Again the routine has to have four arguments x, Fx, nm and vals, just like TS_disc, and the output vector has to have names. Aagin, the arguments nm and vals are likely not needed for the calculation of the new test statistic but need to be present for consistency reasons.
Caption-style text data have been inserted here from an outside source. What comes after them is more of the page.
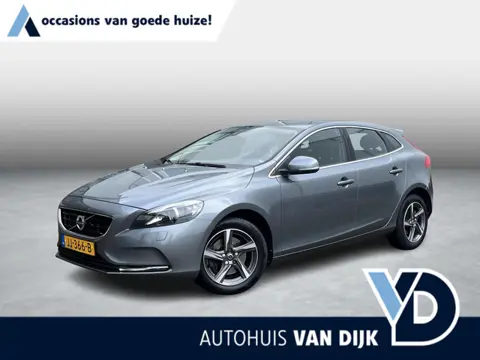 Volvo V40 2.0 T3 Momentum | NL Auto/1e Eig./Voll.Historie/Navi/Clima/Cruise/PDC/Xenon/Bluetooth/16" 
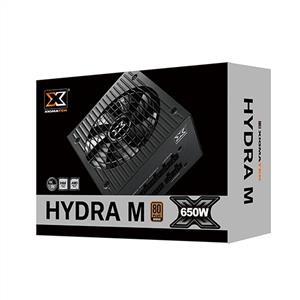 XIGMATEK HYDRA M 650W 80PLUS BRONZE FULL MODULER GÜÇ KAYNAĞI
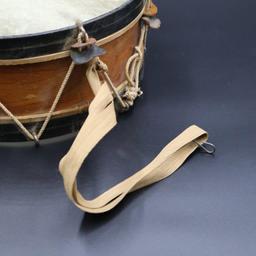 1910 era Lyon Healy style Field Snare Drum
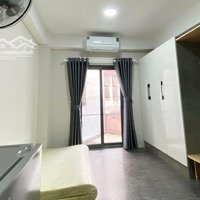 Cho Thuê Phòng Ban Công - Ngay Cầu Bông - Chợ Bà Chiểu - Ẩm Thực Vạn Kiếp - Chợ Đakao - Tân Định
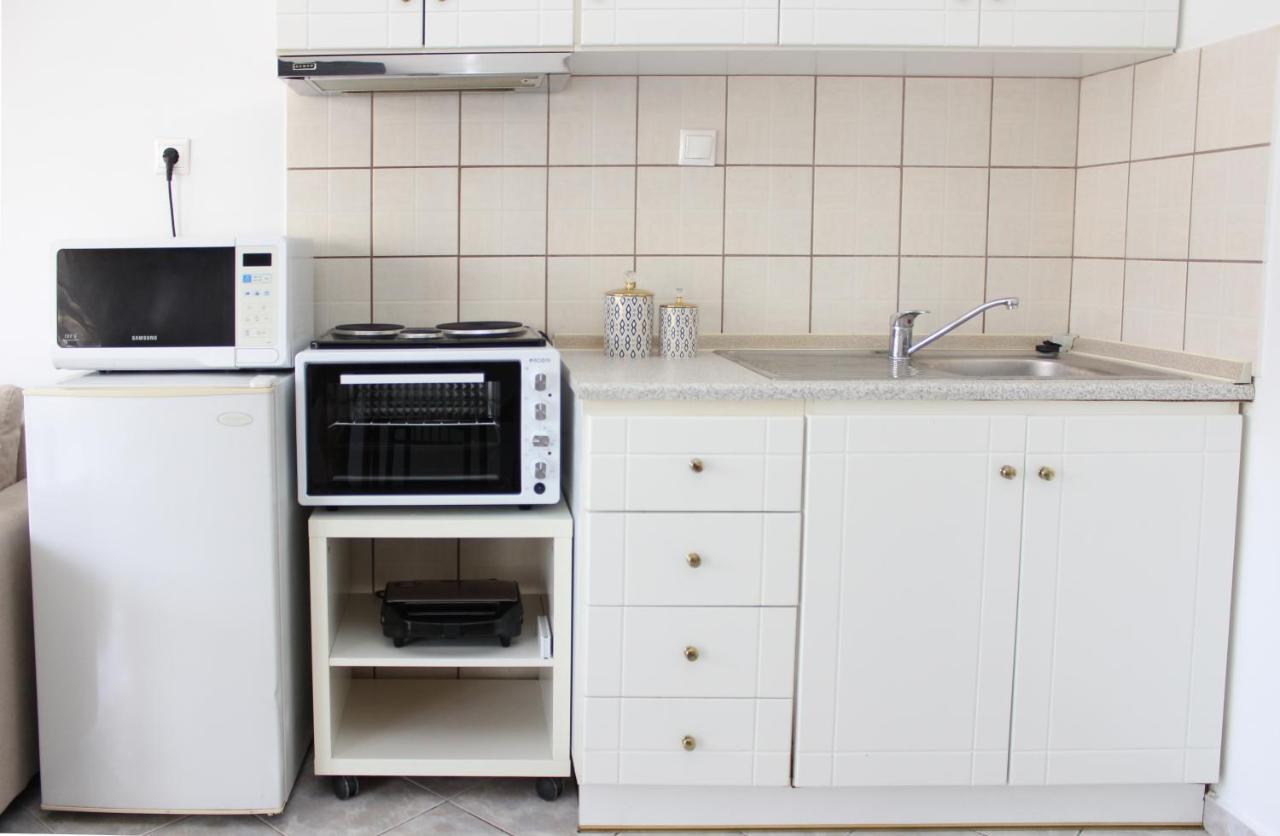 Side Beach Apartment Кавала Екстер'єр фото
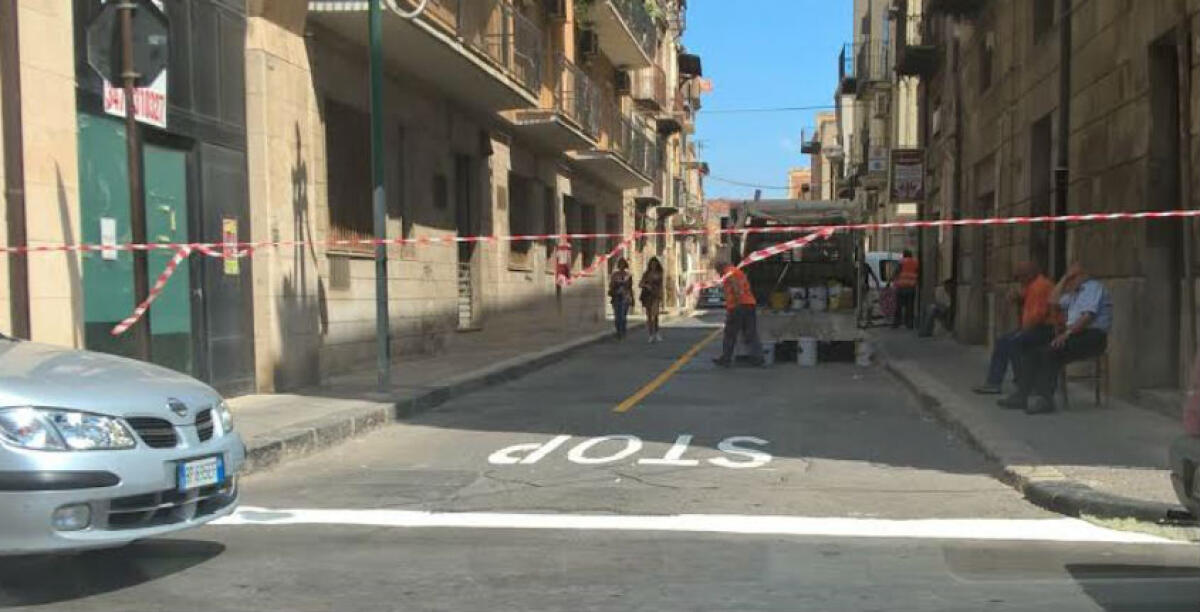 "Stravolta" anche via Aretusa, si cambia senso di marcia: è prevista una zona per i taxi - 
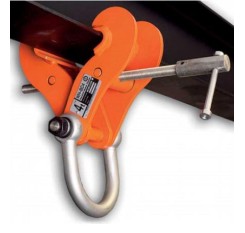 Hacketts Fixed Jaw Beam Clamp - WH-BC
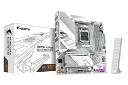 جعبه مادربرد گیگابایت GIGABYTE X870M AORUS ELITE WIFI7 ICE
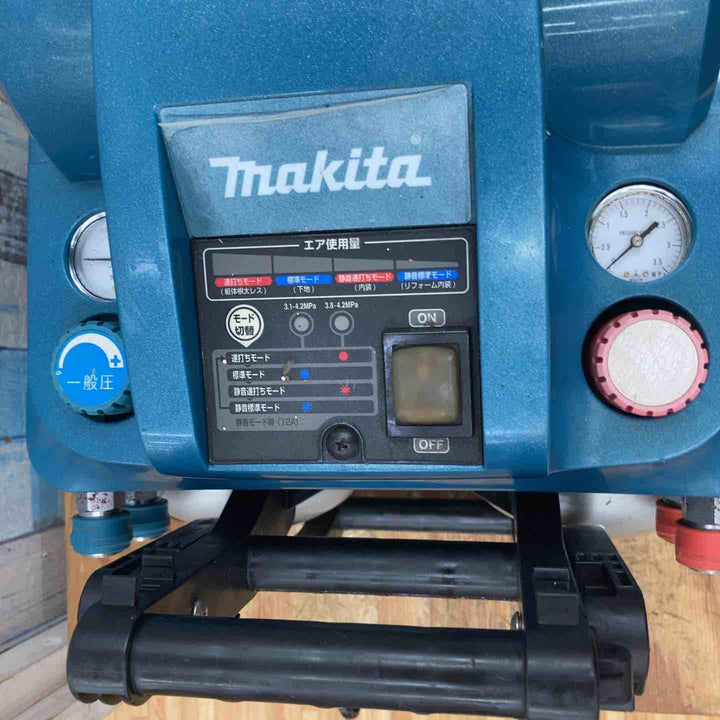 ★マキタ(makita) エアコンプレッサー AC460XLH【柏店】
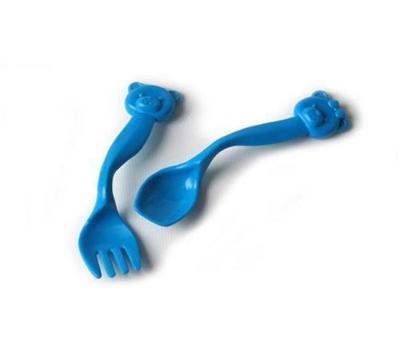 REER - Couverts d'apprentissage ourson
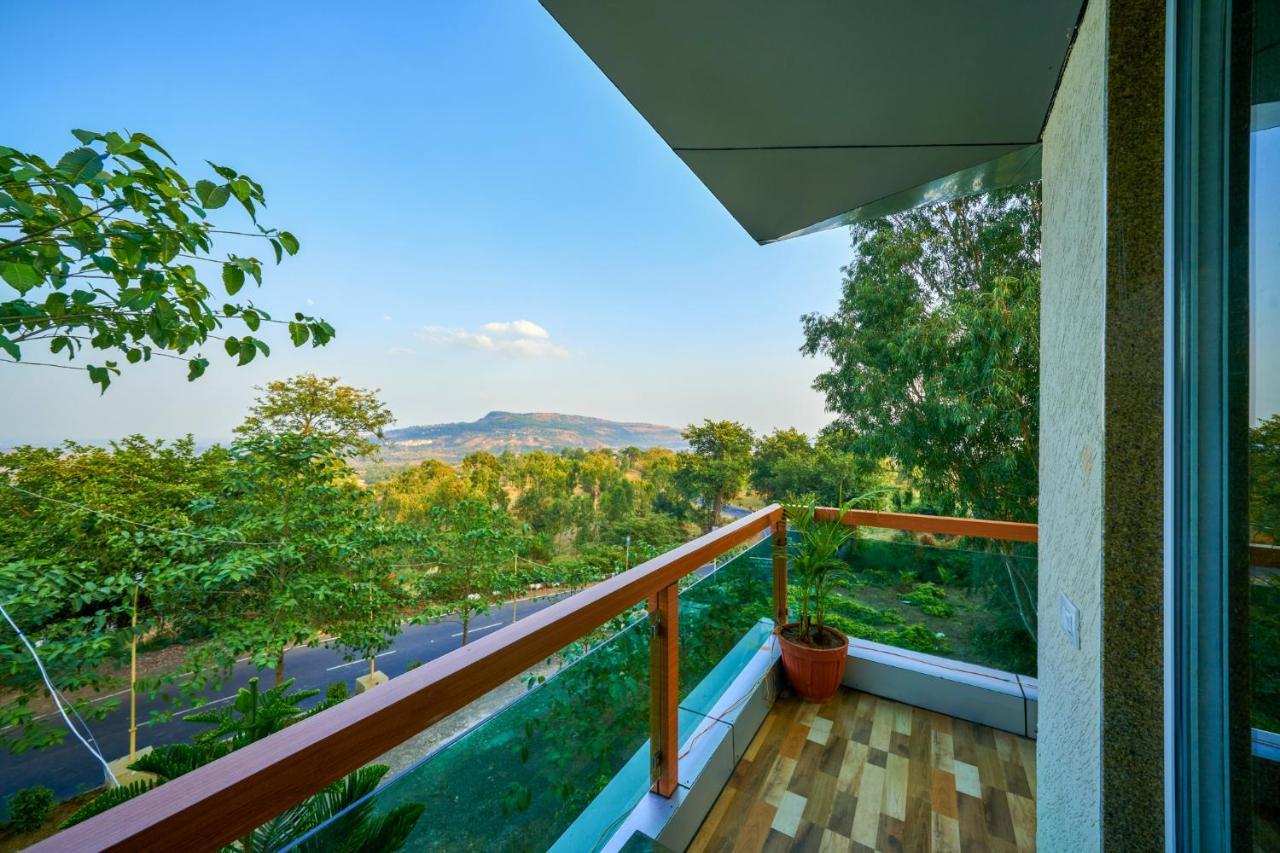 Hotel Saptarang Residency Panhāla Zewnętrze zdjęcie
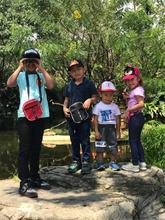 Ni&ntilde;os y ni&ntilde;as de Cali se tomaron el Zool&oacute;gico en el gran cierre de la &lsquo;vacunat&oacute;n y registrat&oacute;n&rsquo;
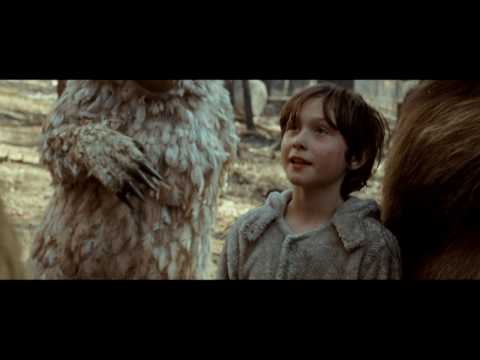 Where The Wild Things Are - TV Spot #1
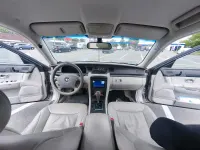 Gebraucht Kia Opirus 204 PS (150 kW) 2003 Silber Limousine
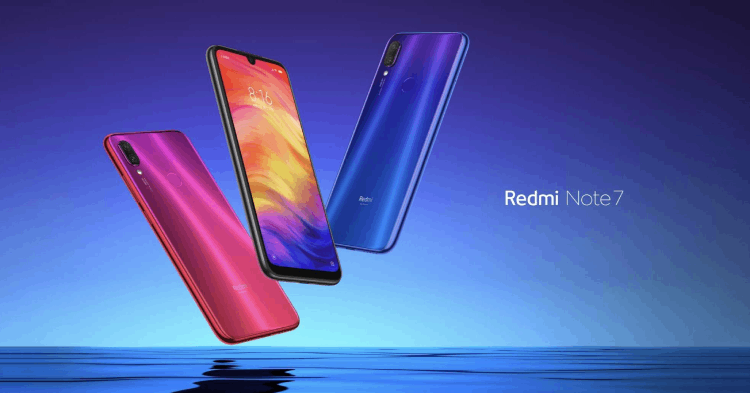 Thay mặt kính Xiaomi Redmi Note 7 Pro uy tín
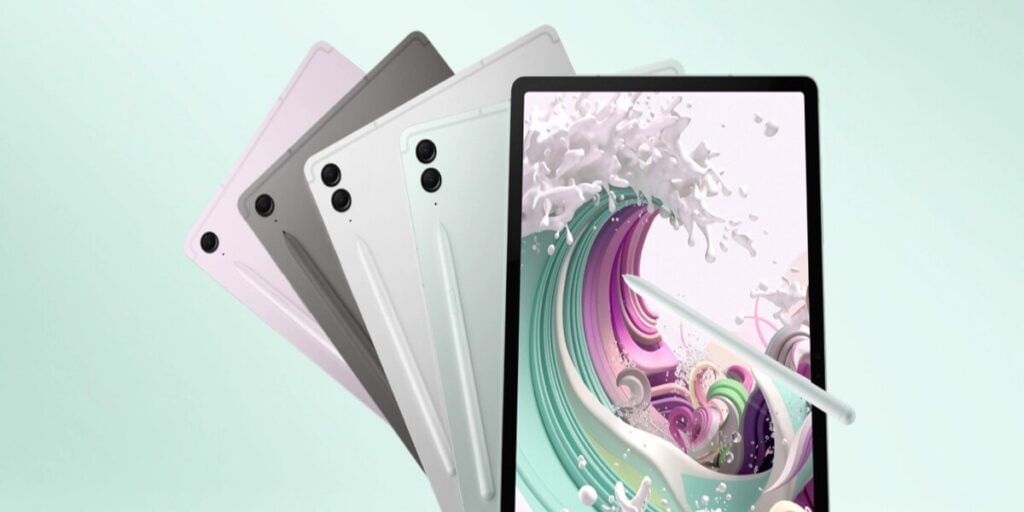 Samsung Galaxy Tab S9 FE Specifications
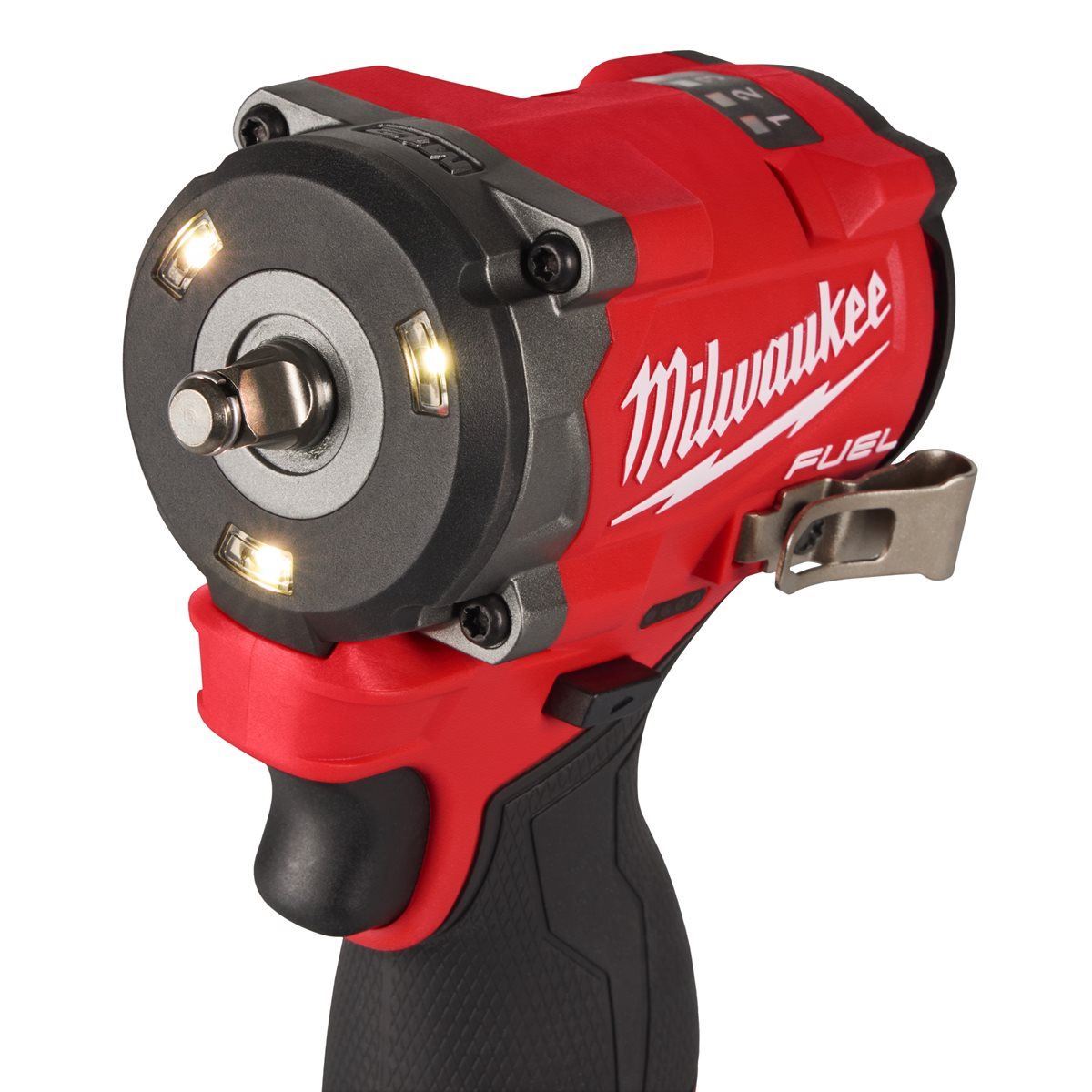 Milwaukee M12FCIWF38G3-0 12V M12 FUEL Brushless 3/8" Compact Impact Wrench with Friction Ring 4933493451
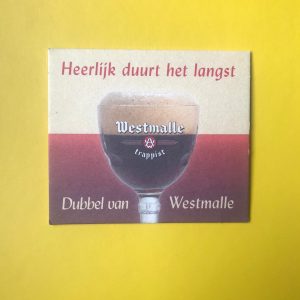 WESTMALLE. Trappist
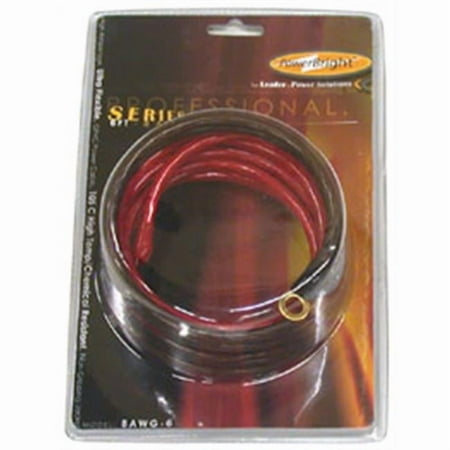 Power Bright 8-AWG6 Power Cables for Inverter
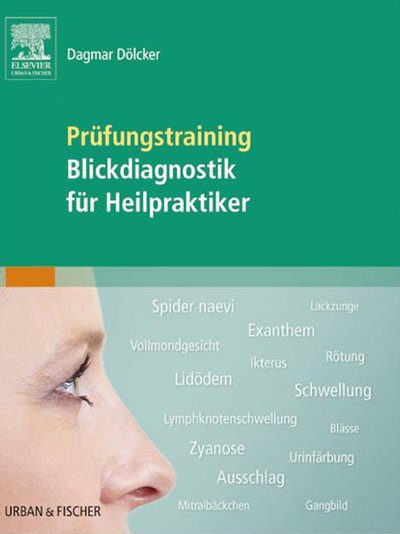 Cover for Dölcker · Prüfungstraining Blickdiagnosti (Book)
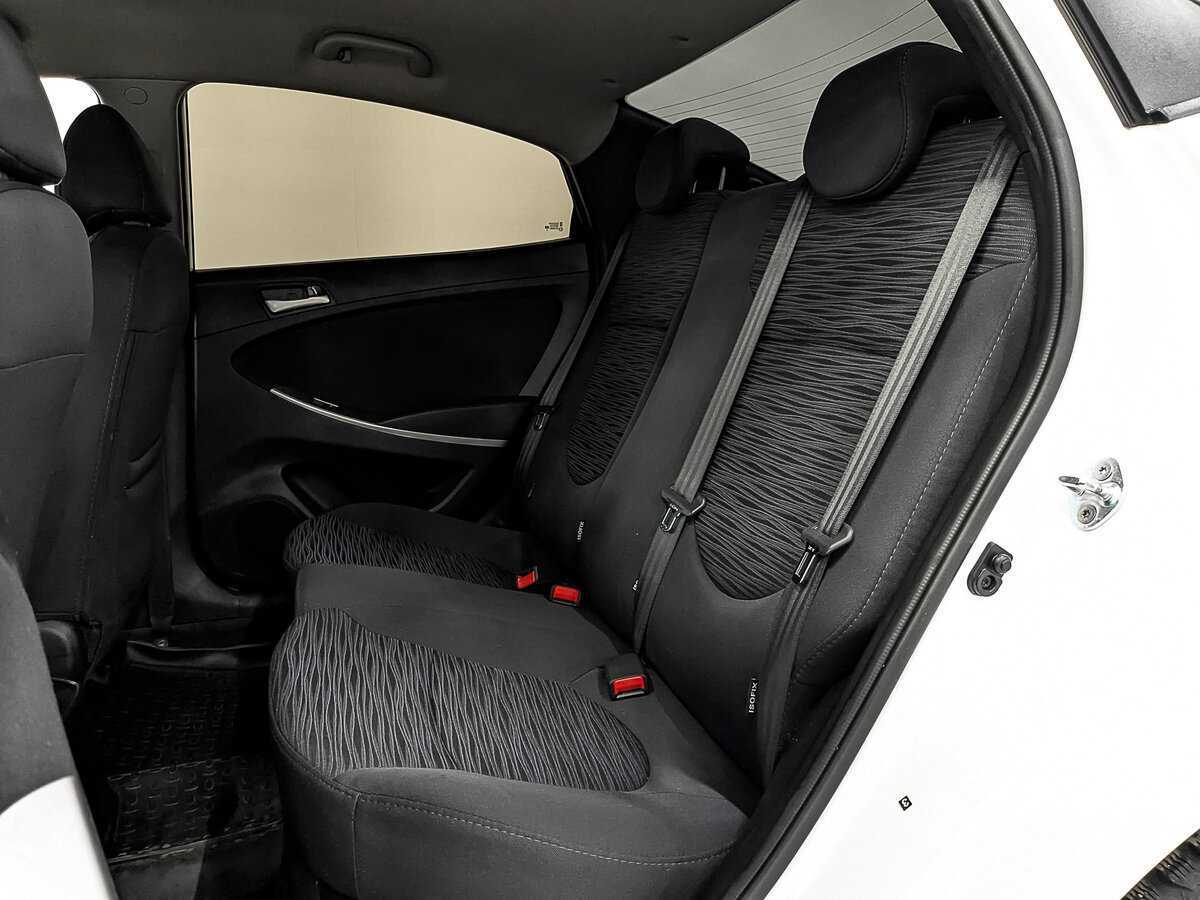 Купить Хендай Солярис, 2015, 90 379 км.. Фото: #15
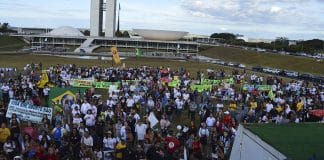 11ª Marcha nacional contra o aborto de Brasília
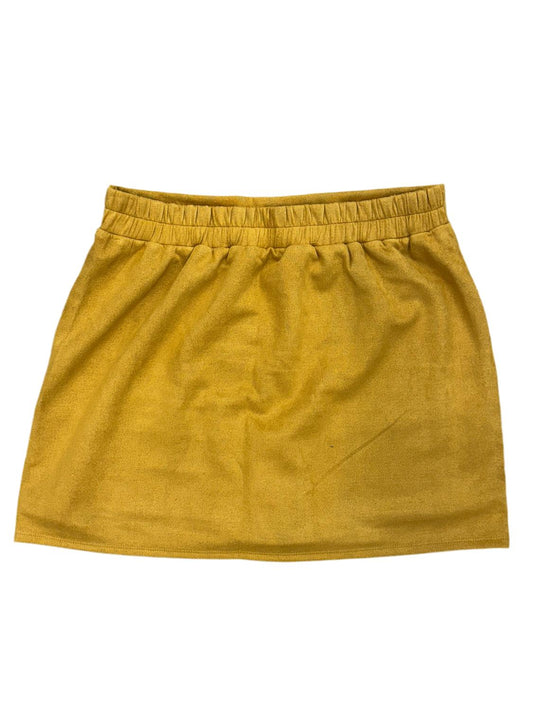 Thml - Women's Suede Skort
Note that one drawback of writing the routine in Rcpp is that it is then not possible to used multiple processors.

vals=1:50/51
pnull = function() (1:50)/50
rnull = function() c(rmultinom(1, 500, rep(1/50,50)))
x = rnull()
gof_test_disc(x, pnull, rnull, vals, TS=newTS_disc)
#> $Statistics
#> CvM alt 
#>   0.013 
#> 
#> $p.value
#> CvM alt 
#>  0.4648

and for power calculations we can run

ralt = function(slope) {
    if(slope==0) p=rep(1/50, 50)
    else p=diff(slope * (0:50/50)^2 + (1 - slope) * 0:50/50)  
  c(rmultinom(1, 500, p))
}
gof_power_disc(pnull, rnull, vals, ralt, TS=newTS_disc, param_alt=round(seq(0, 0.5, length=5), 3))
#> Parallel Programming is not possible if custom TS is written in C++. Switching to single processor
#>       CvM alt
#> 0       0.055
#> 0.125   0.367
#> 0.25    0.898
#> 0.375   0.999
#> 0.5     1.000

References

Anderson, T W. 1962. “On the Distribution of the Two-Sample Cramer-von Mises Criterion.” Annals of Mathematical Statistics 33 (3): 1148–59.
Anderson, T W, and D A Darling. 1952. “Asymptotic Theory of Certain Goodness-of-Fit Criteria Based on Stochastic Processes.” Annals of Mathematical Statistics 23: 193–212.
———. 1954. “A Test of Goodness-of-Fit.” JASA 49: 765–69.
Berkson, J. 1980. “Minimum Chi-Square, Not Maximum Likelihood.” Ann. Math. Stat 8 (3): 457–87.
E del Barrio, C Matran, J A Cuesta-Albertos. 1999. “Tests of Goodness of Fit Based on the L2-Wasserstein Distance.” Annals of Statistics 1230-1239: 27.
Kolmogorov, A. 1933. “Sulla Determinazione Empirica Di Una Legge Di Distribuzione.” G. Ist. Ital. Attuari. 4: 83–91.
Kuiper, N H. 1960. “Tests Concerning Random Points on a Circle.” Proceedings of the Koninklijke Nederlandse Akademie van Wetenschappen 63: 38–47.
Massey, F J. 1951. “The Kolmogorov-Smirnov Test for Goodness-of-Fit.” JASA 46: 68–78.
Rolke, Wolfgang, and Cristian Gutierrez-Gongora. 2020. “A Chi-Square Goodness-of-Fit Test for Continuous Distributions Against a Known Alternative.” Computational Statistics. https://doi.org/10.1007/s00180-020-00997-x.
Smirnov, N. 1948. “Table for Estimating the Goodness of Fit of Empirical Distributions.” Annals of Mathematical Statistics 19: 279–81.
Zhang, J. 2002. “Powerful Goodness-of-Fit Tests Based on Likelihood Ratio.” Journal of the RSS (Series B) 64: 281–94.